### TASK DETAILS
Set the listing down again exactly, please, apart from its pictures.

[Start of Attachment]

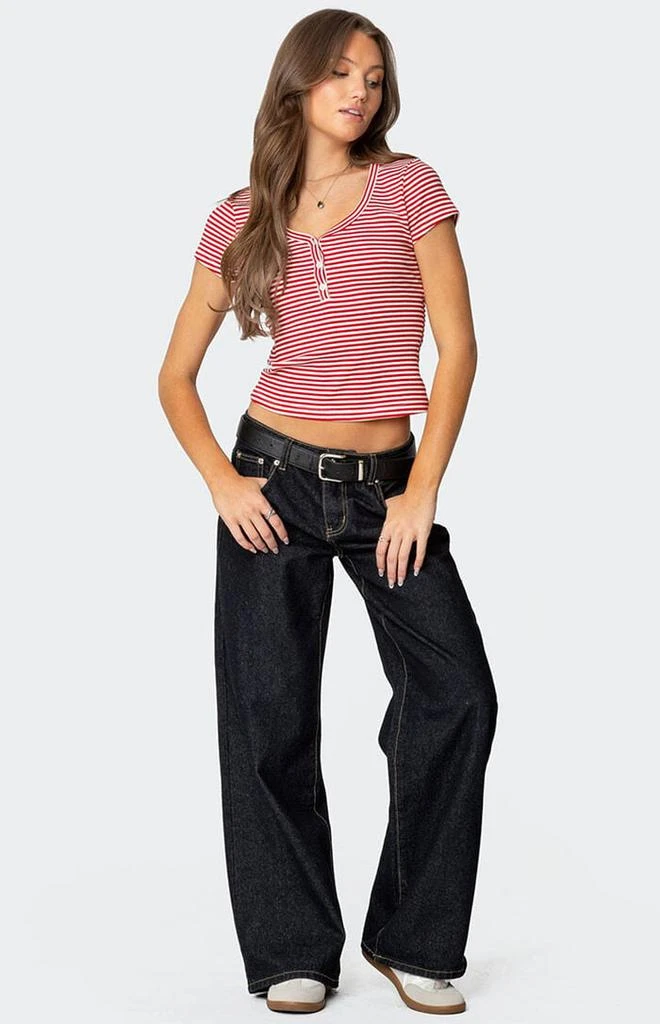 Edikted Kady Striped Henley T-Shirt 2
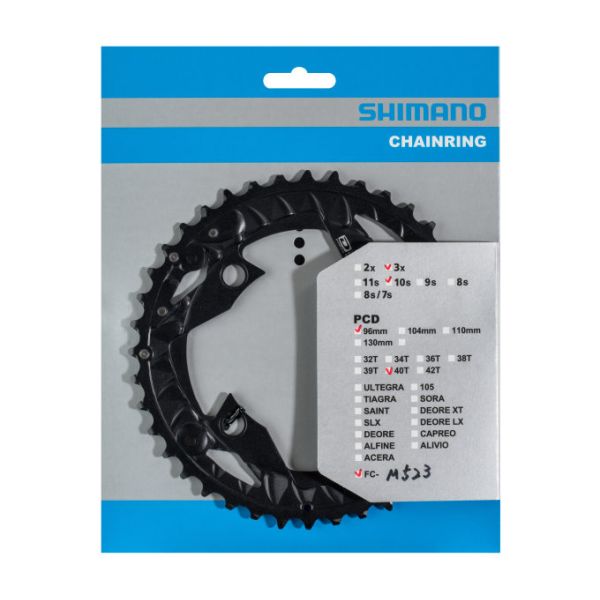 Shimano - chaîne Top 40T FC -MT500 FC -M523 pour protecteur de chaîne (AN) 10 vitesses - noir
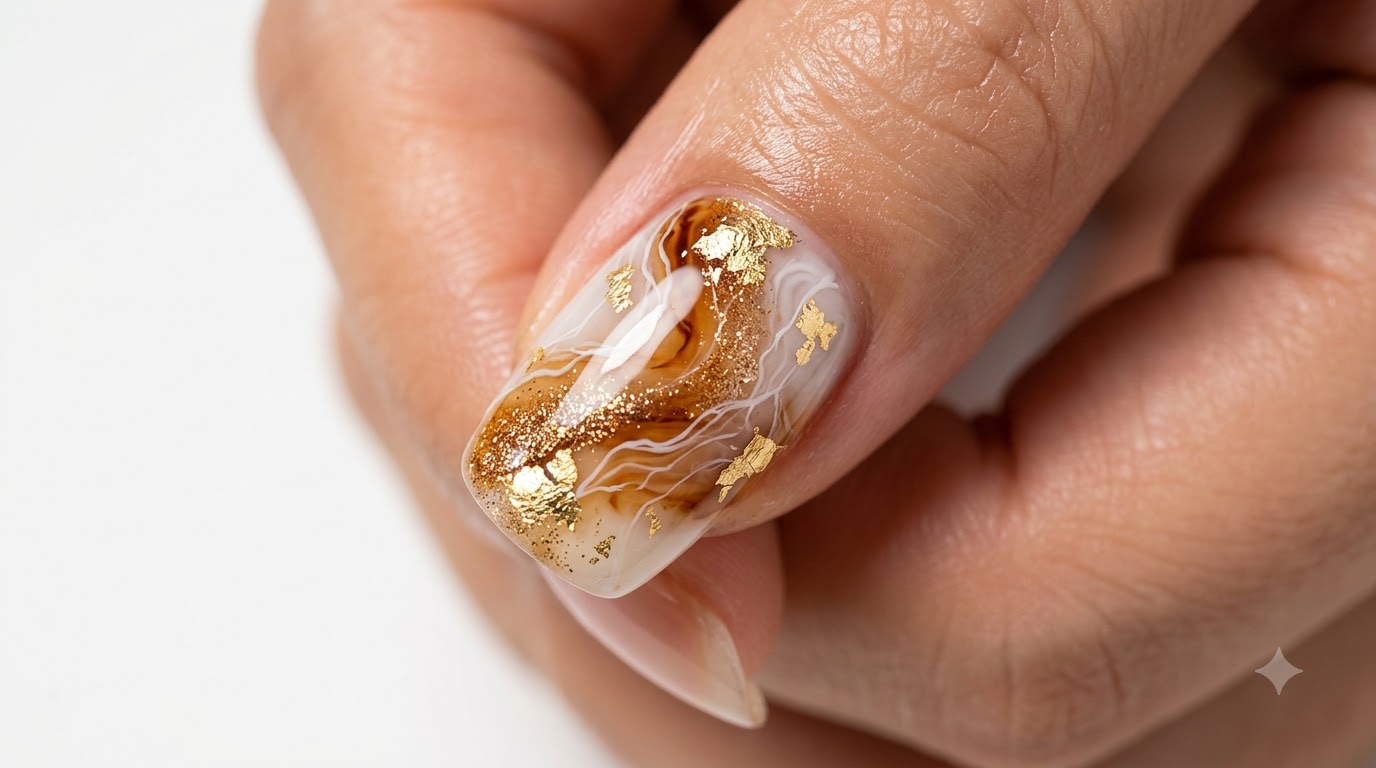 Autumn Aesthetic Golden Sand Jade Nails — Step-by-Step Tutorial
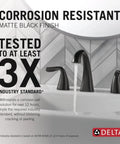 Close-up of Arvo Matte Black Widespread Bathroom Faucet For 8 Inch 3 Hole Vanity Sink Tap With Push Pop Drain showing corrosion resistance
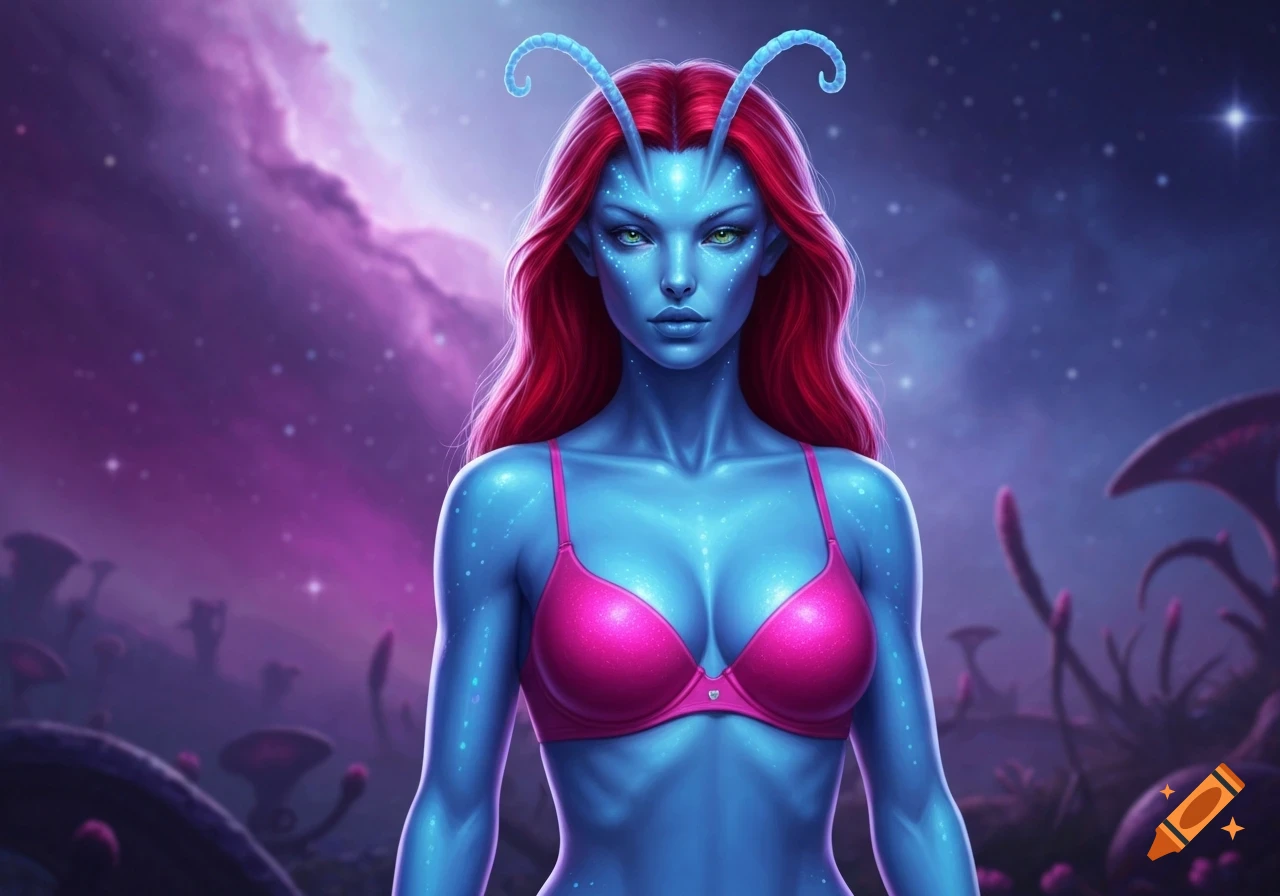 Digital art of a blue-skinned alien woman with red hair and antennae, wearing a pink bralette, in an alien landscape under a purple starry nebula.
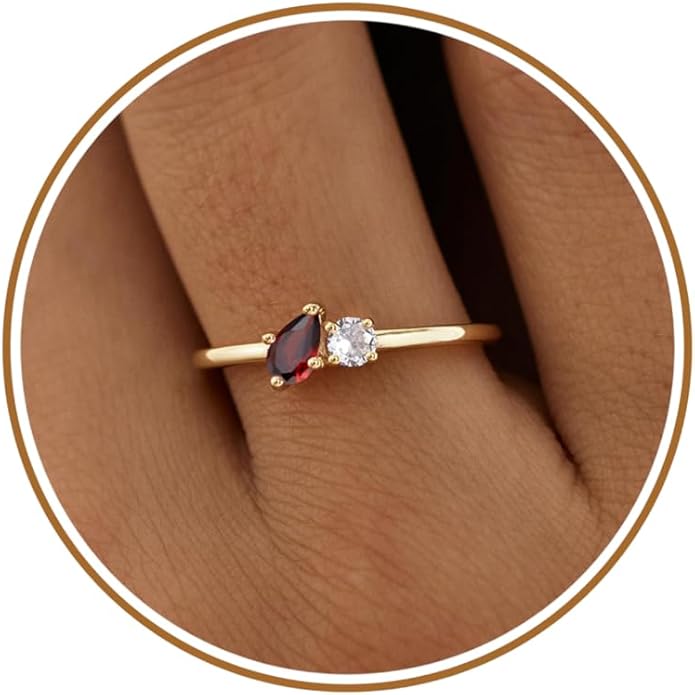 JSJOY Birthstone Rings for Women Dainty Emerald Blue Ring Birthday Gifts for Mom Her Gemstones CZ Ring for Teens Gold Rings That Don't Tarnish Adjustable Ring Jewelry Gifts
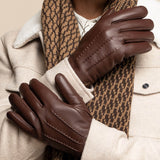 Jaxon (brown) - goatskin leather gloves with luxurious faux fur lining & touchscreen feature - Schwartz & von Halen - US - 13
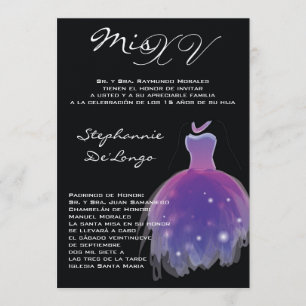 5x7 Purple Dress Quinceanera Birthday Invitation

[End of Attachment]

### EXERCISE SOLUTION
 Edikted Kady Striped Henley T-Shirt 2
 Shimano - chaîne Top 40T FC -MT500 FC -M523 pour protecteur de chaîne (AN) 10 vitesses - noir
 Autumn Aesthetic Golden Sand Jade Nails — Step-by-Step Tutorial
 Close-up of Arvo Matte Black Widespread Bathroom Faucet For 8 Inch 3 Hole Vanity Sink Tap With Push Pop Drain showing corrosion resistance
 Digital art of a blue-skinned alien woman with red hair and antennae, wearing a pink bralette, in an alien landscape under a purple starry nebula.
 JSJOY Birthstone Rings for Women Dainty Emerald Blue Ring Birthday Gifts for Mom Her Gemstones CZ Ring for Teens Gold Rings That Don't Tarnish Adjustable Ring Jewelry Gifts
 Jaxon (brown) - goatskin leather gloves with luxurious faux fur lining & touchscreen feature - Schwartz & von Halen - US - 13
 5x7 Purple Dress Quinceanera Birthday Invitation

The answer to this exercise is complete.